→ Work instructions
Every line from the beginning of the records below up to the one holding "Home appliances solid" should be quoted exactly; leave out the rest.

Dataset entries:
——
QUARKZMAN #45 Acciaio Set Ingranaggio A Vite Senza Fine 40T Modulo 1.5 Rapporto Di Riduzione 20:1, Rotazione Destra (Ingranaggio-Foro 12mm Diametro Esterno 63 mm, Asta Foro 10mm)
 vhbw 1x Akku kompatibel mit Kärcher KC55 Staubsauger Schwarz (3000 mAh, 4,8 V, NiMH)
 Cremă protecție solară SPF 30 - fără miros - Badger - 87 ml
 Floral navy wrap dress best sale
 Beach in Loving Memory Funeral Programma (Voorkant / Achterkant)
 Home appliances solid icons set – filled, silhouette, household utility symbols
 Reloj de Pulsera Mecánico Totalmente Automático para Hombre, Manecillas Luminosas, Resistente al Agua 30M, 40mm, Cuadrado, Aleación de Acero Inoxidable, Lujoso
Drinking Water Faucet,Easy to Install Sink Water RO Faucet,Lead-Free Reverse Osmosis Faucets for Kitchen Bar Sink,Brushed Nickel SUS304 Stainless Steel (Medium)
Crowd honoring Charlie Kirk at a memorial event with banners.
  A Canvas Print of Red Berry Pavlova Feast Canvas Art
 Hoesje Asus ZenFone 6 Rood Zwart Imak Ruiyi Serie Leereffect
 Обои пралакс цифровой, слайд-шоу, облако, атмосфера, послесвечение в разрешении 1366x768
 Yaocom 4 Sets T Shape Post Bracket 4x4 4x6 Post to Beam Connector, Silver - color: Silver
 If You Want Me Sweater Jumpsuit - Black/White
——
→ Answer to this problem
QUARKZMAN #45 Acciaio Set Ingranaggio A Vite Senza Fine 40T Modulo 1.5 Rapporto Di Riduzione 20:1, Rotazione Destra (Ingranaggio-Foro 12mm Diametro Esterno 63 mm, Asta Foro 10mm)
 vhbw 1x Akku kompatibel mit Kärcher KC55 Staubsauger Schwarz (3000 mAh, 4,8 V, NiMH)
 Cremă protecție solară SPF 30 - fără miros - Badger - 87 ml
 Floral navy wrap dress best sale
 Beach in Loving Memory Funeral Programma (Voorkant / Achterkant)
 Home appliances solid icons set – filled, silhouette, household utility symbols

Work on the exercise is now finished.